Atomkraftgegner wollen die Mauer, die das Endlager-Erkundungsbergwerk im niedersächsischen Gorleben umgibt, in ein Kunstwerk verwandeln. Die Behörden sind gebeten, das Bemalen zu erlauben.

»Ratatazong - weg ist der Balkon«, freut sich »Presslufthammer-Bernhard« im gleichnamigen Hit der Gruppe »Torfrock« über sein destruktives Tun. Jener Song wäre die passende Begleitmusik zum Abriss der »Endlager-Mauer« im niedersächsischen Gorleben, empfahl Lüchow-Dannenbergs Bürgerinitiative Umweltschutz (BI) vor einigen Monaten. Damals freute man sich offenbar über eine Nachricht aus dem Bundesamt für Strahlenschutz (BfS): Dessen Präsident Wolfram König hatte verkündet, die oberirdischen Anlagen des Geländes sollen bis auf wenige Gebäude verschwinden, darunter auch die Mauer.

»Zu der Abrissparty möchten wir gern eingeladen werden«, reagierten die Umweltschützer seinerzeit, mahnten aber zugleich: Der Rückbau der Oberflächenanlagen sei reine Oberflächenkosmetik. »Eine weiße Landkarte bei der Endlagersuche ist das nicht - dazu müssen die Hohlräume und Strecken unter Tage verfüllt werden«, gab BI-Sprecher Wolfgang Ehmke zu bedenken.

Nun überraschen Atomkraftgegner mit der Idee: Noch ehe »Presslufthammer-Bernhards« Kollegen zu ihren Werkzeugen greifen, noch vor der Abrissparty soll es ein Kulturfest an jenem Ort vieljährigen Protestes geben. Noch vor der Abrissbirne sollen Pinsel geschwungen werden, soll die lange Mauer »künstlerisch gestaltet« werden.

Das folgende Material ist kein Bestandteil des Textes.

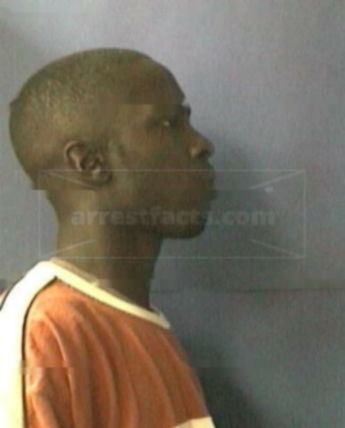 Larry Joe Miller Jr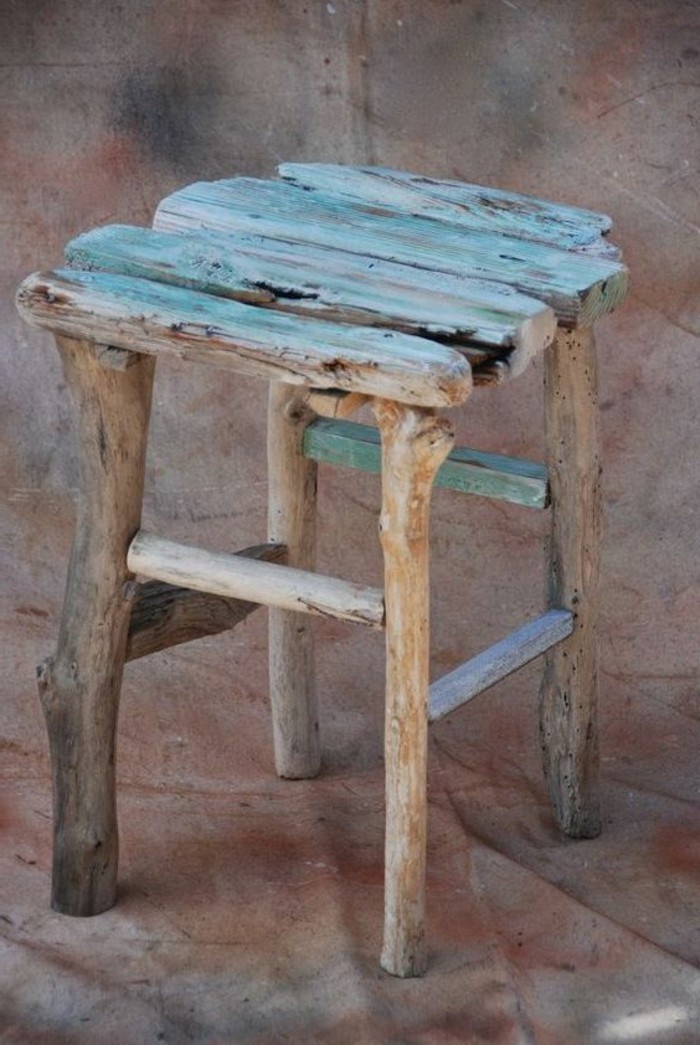 trebholz-prtljati-malih stolica-za-drva-se-odluka DIY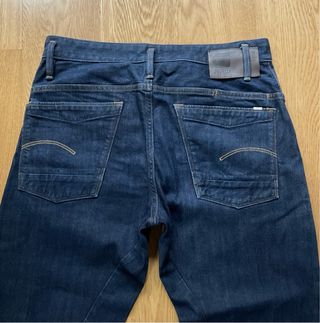 Pantalón vaquero de hombre de G-Star Raw (W32/L36)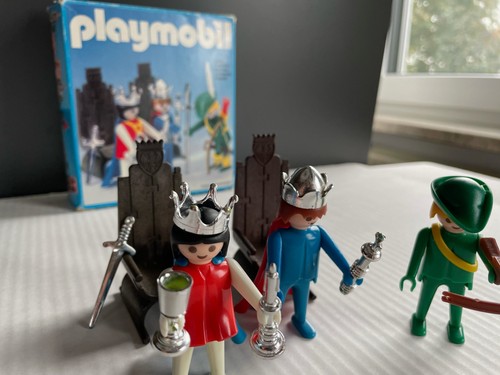 Playmobil hofstaat 3568 - playmobil,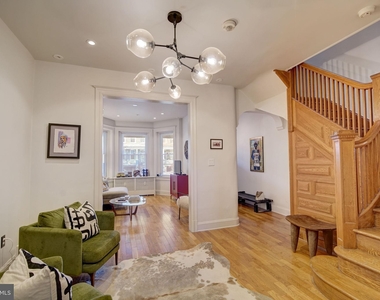 4509 15th Street Nw - Photo Thumbnail 7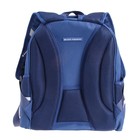 Рюкзак каркасный 36×28×17 см, + пенал, Bruno Visconti «Корги» - Фото 6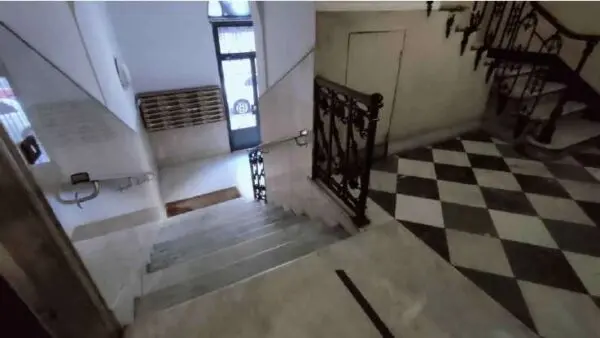 Appartamento via Giacometti 10, Genova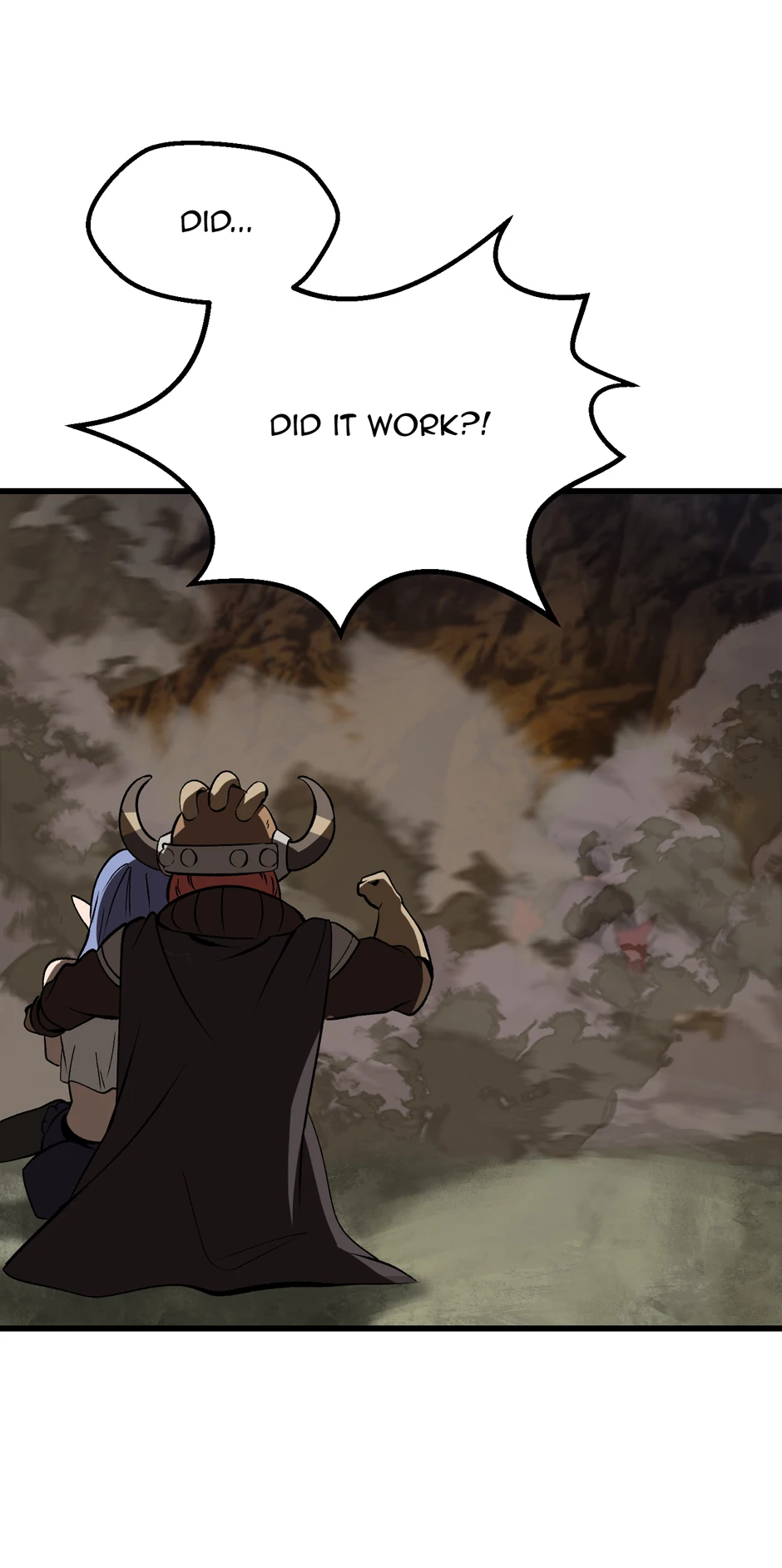 Read Latna Saga_ Survival of a Sword King EN Manga Online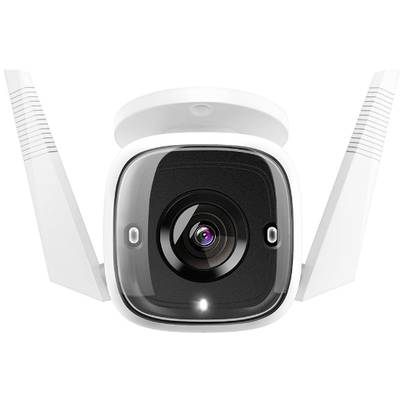 TP-LINK TP-Link Tapo C310 Cubo Telecamera di sicurezza IP Esterno 2304 x 1296 Pixel Pare TAPO C310 WLAN IP Überwachungsk-1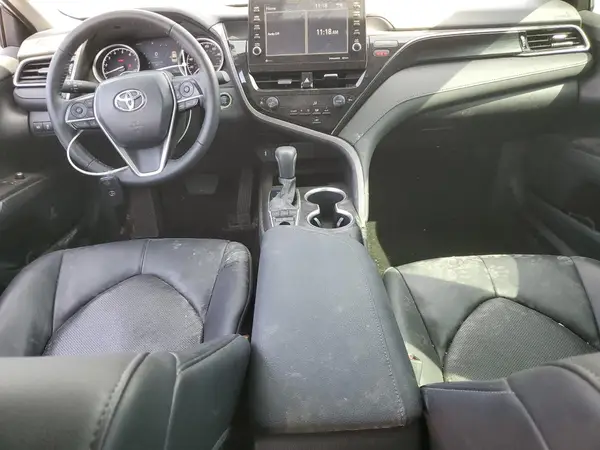 4T1F11AK2RU855796 2024 TOYOTA CAMRY - Image 8
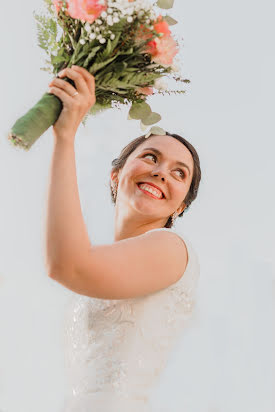 Wedding photographer Natalia Ahumada (endless). Photo of 2 April 2020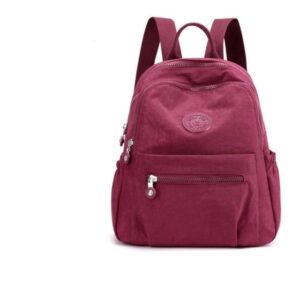 Weekend bag ryggsäck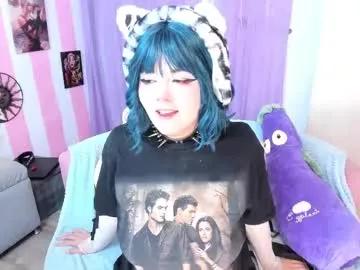 hell_fairy on Chaturbate 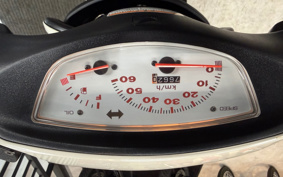 HONDA DIO AF35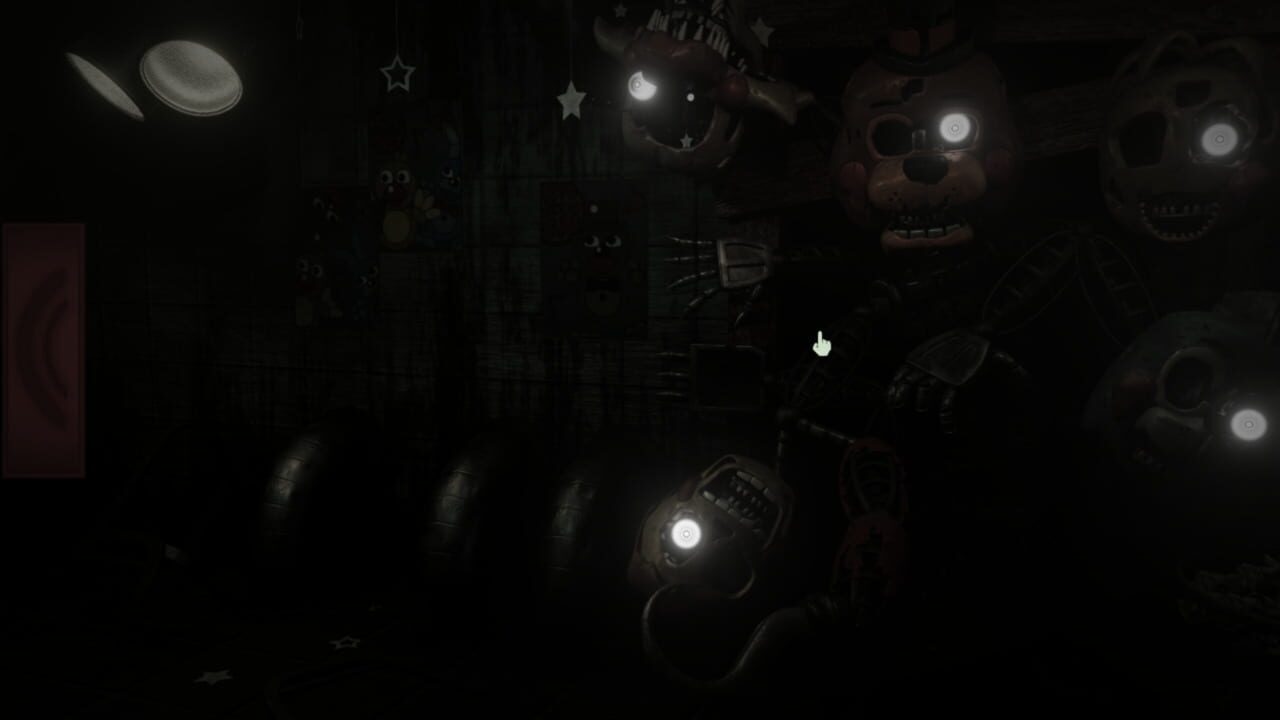 Dormitabis Remastered Image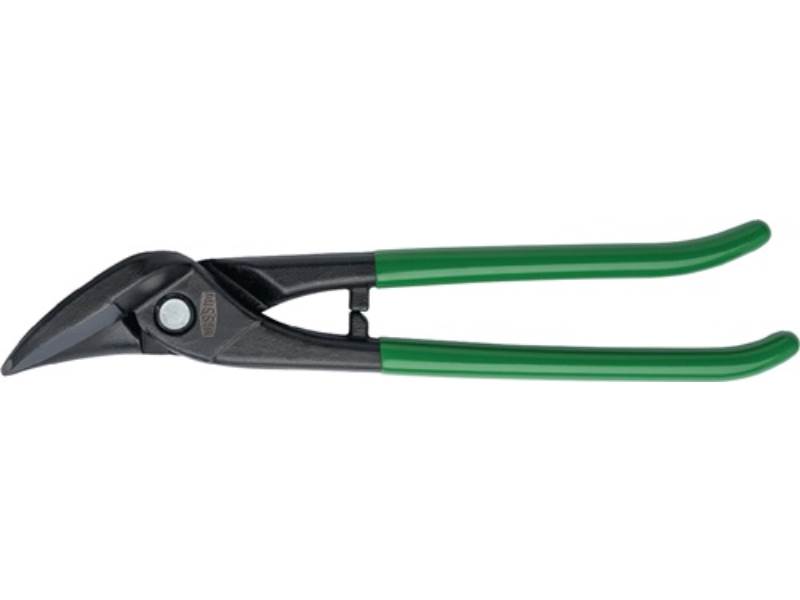 ERDI D216-280-B-SBSK Idealblechschere D216-280-B-SBSK Länge 280 mm rechts Stahl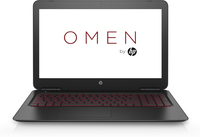 HP Omen 15-ax200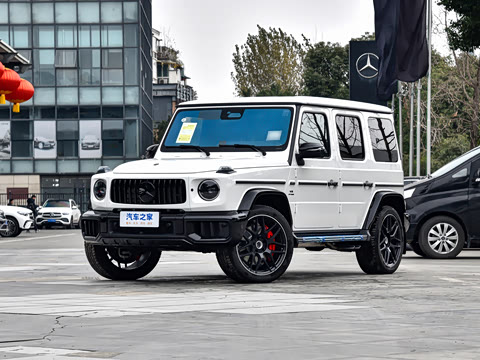 2026�� AMG G 63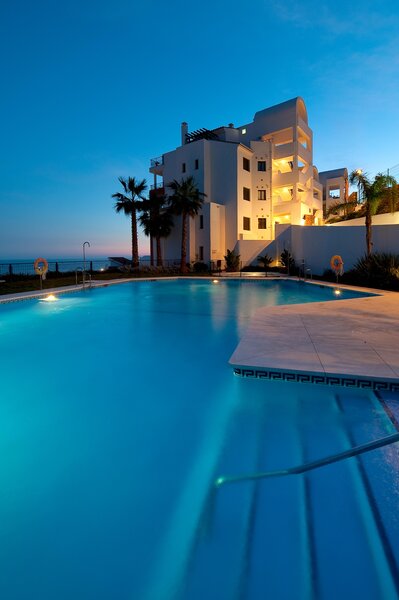 Olée Nerja Holiday Rentals 33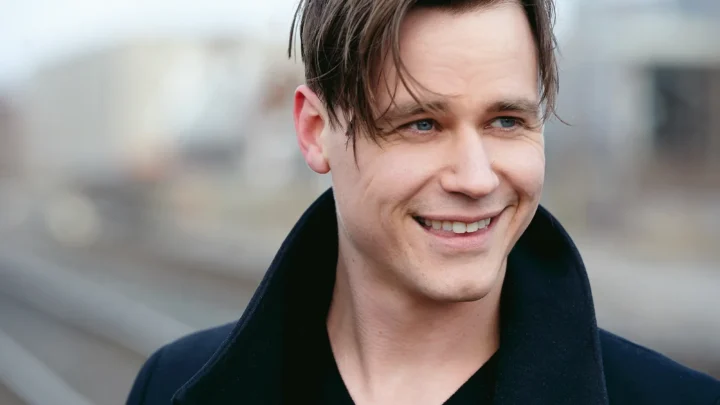 Luke Humphrey Biography: Wife, Age, Parents, Children, Net Worth, Movies, Height, Ethnicity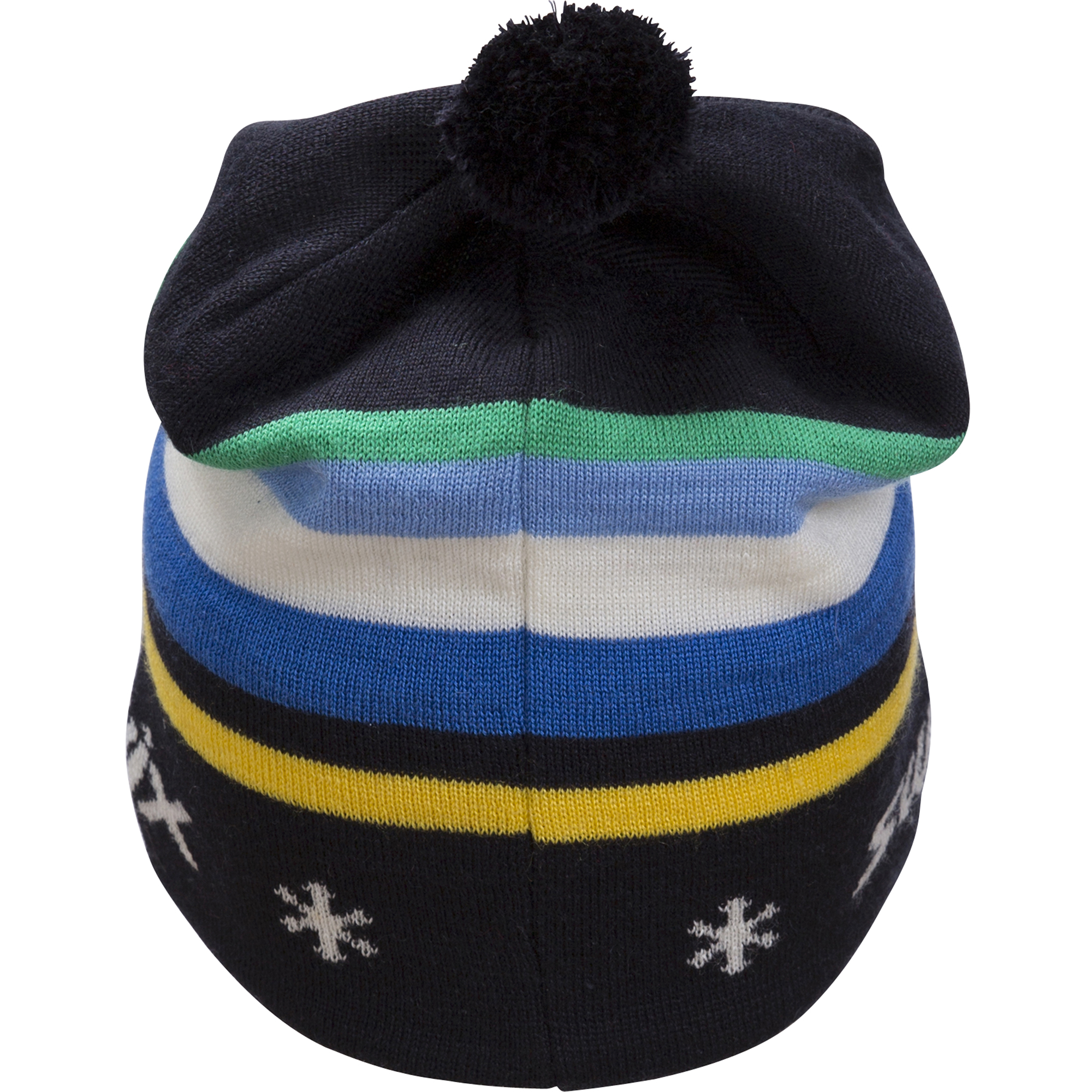 Swix store gunde beanie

Dazu starten die Bürgerinitiative und die Organisatoren der »Kulturellen Landpartie« - weit über Gorleben hinaus als KLP bekannt - am Freitag vor Pfingsten 2016 ein »Kulturprogramm mit Musik, Ausstellungen und Aktionen«. Deren Höhepunkt, so ist geplant, wird das Bemalen der Mauer sein, die für die Widerständler gegen die Atomanlagen mit vielen Erinnerungen verknüpft ist. An Erstürmungsversuche mittels Holzleitern etwa, an Besetzungen des Geländes und auch an die schon seit langem abgebauten Wasserkanonen, mit denen Wachleute vorrückende Aktivisten einnässen konnten.

Regionale Künstlerinnen und Künstler sowie Kunstschaffende aus ganz Deutschland sollen mitmachen beim Mauerbemalen; Farbe wird gestellt, heißt es, und: Im Laufe des Tages könne »ein Gesamtkunstwerk entstehen, das - der Berliner Mauer gleich - überregionale Anziehungskraft entwickeln wird«.

Damit alle Beteiligten ganz legal und ungestört zu Werke gehen dürfen, haben die Organisatoren mehrere vermeintlich zuständige Stellen gebeten, das Ganze zu genehmigen. Immerhin habe der Tag einen »friedlichen Ansatz«. Als wirklich zuständig erwies sich schließlich das Bundesamt für Strahlenschutz. Es hat bislang weder zugestimmt noch abgelehnt. Die Sache sei noch »in Arbeit« war aus der Behörde zu erfahren.

Selbst wenn das Amt die Aktion billigt, bleibt die Frage: Was soll das Malen, das Schaffen des von den Initiatoren erhofften Gesamtkunstwerks, wenn dieses nur kurz besteht und eines nicht allzu fernen Tages von der Abrissbirne platt gemacht wird, letztlich in der Steinmühle endet? Solch eine Totalzerstörung muss es ja nicht geben, meint Dieter Schaarschmidt vom KLP-Team. Es sei doch denkbar, sagt er im Gespräch mit »nd«, dass sich interessierte Menschen kleine oder auch größere Mauerstücke sichern. Vielleicht sogar ein ganzes Mauersegment zum Aufstellen auf dem eigenen Grundstück.

Nun hoffen Bürgerinitiativler und Landpartie-Planer nur noch auf das amtliche Ja. Und darauf, dass es nicht schon vor Pfingsten für die Kollegen von »Presslufthammer-Bernhard« den Auftrag zum Rattern in Gorleben gibt.